In OCaml, integers and characters are represented as shifted immediate values, with the least significant bit set to distinguish them from pointers. This makes some arithmetic operations a little more expensive. For example, consider a function that
int_of_digits that builds an integer from three character digits:
int_of_digits '3' '4' '5' => 345
We might define
int_of_digits as follows:
let int_of_digits a b c = 100 * (Char.code a - Char.code '0') + 10 * (Char.code b - Char.code '0') + 1 * (Char.code c - Char.code '0')
-dcmm flag to ocamlopt shows the results of compiling the function to the C-- intermediate language.
ocamlopt -dcmm int_of_digits.ml
The generated code has the following form (reformatted for readability):
200 * ((a - 96) >> 1) + 20 * ((b - 96) >> 1) + 2 * ((c - 96) >> 1) + 1
The right shifts convert the tagged representation into native integers, and the final
+ 1 converts the result back to a tagged integer.
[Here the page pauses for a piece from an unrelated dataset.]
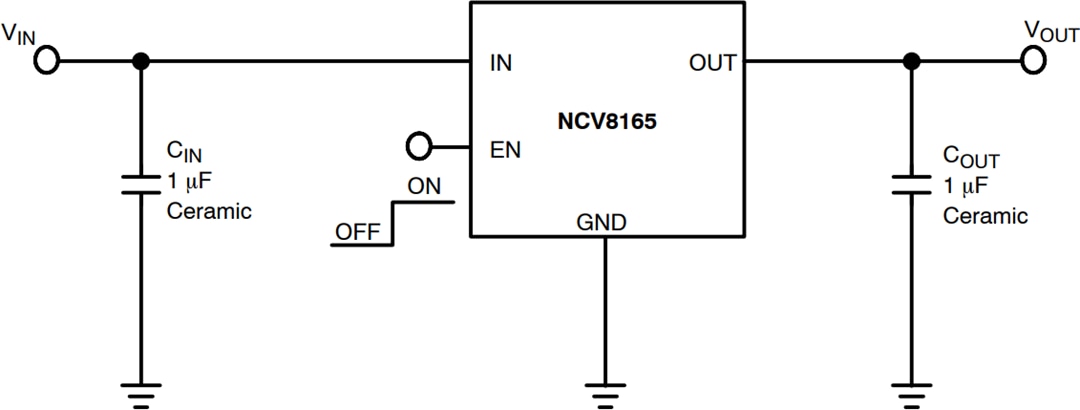 アプリケーション回路図 - onsemi NCV8165 500mA LDOリニア電圧レギュレータ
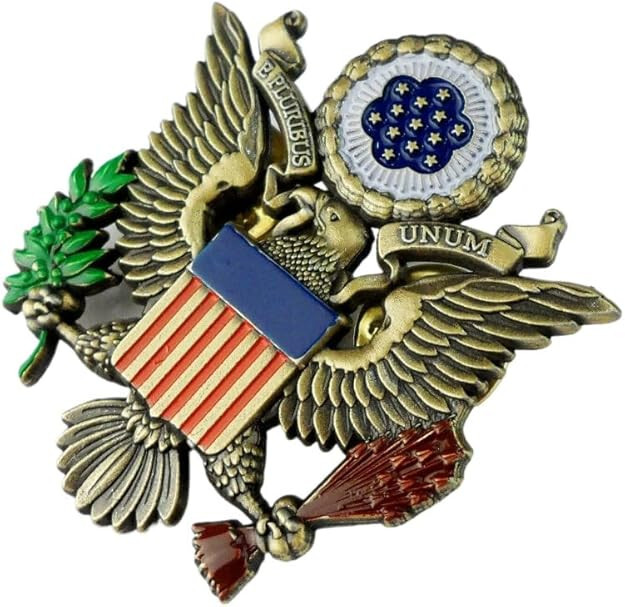 US PRESIDENTIAL  E PLURIBUS UNUM EAGLE BADGE PIN GOLD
Stephen's patch floats the arithmetic operations that involve constant operands outwards, eliminating most of the tag-munging code in favour of a final correcting addition:
(a * 100) + (b * 10) + c - 10766
Although these changes are not yet merged, you can easily try them out, thanks to Anil's script that makes compiler pull requests available as OPAM switches:
opam switch 4.03.0+pr17
Standard library and beyond
Our compiler hacking group defines "compiler" rather broadly. As a result people often work on improving the standard library and tools as well as the compiler proper. For example, in recent sessions, David added a small patch to expose the is_inet6_addr function, and Philippe proposed a patch that eliminates unnecessary bounds checking in the buffer module. The last session also saw Raphaël and Simon push a number of patches for integrating merlin with the acme editor to OPAM, improving OCaml support in Plan 9.
The compiler hacking group is open to anyone with an interest in contributing to the OCaml compiler. If you're local to Cambridge, you're welcome to join us at the next session!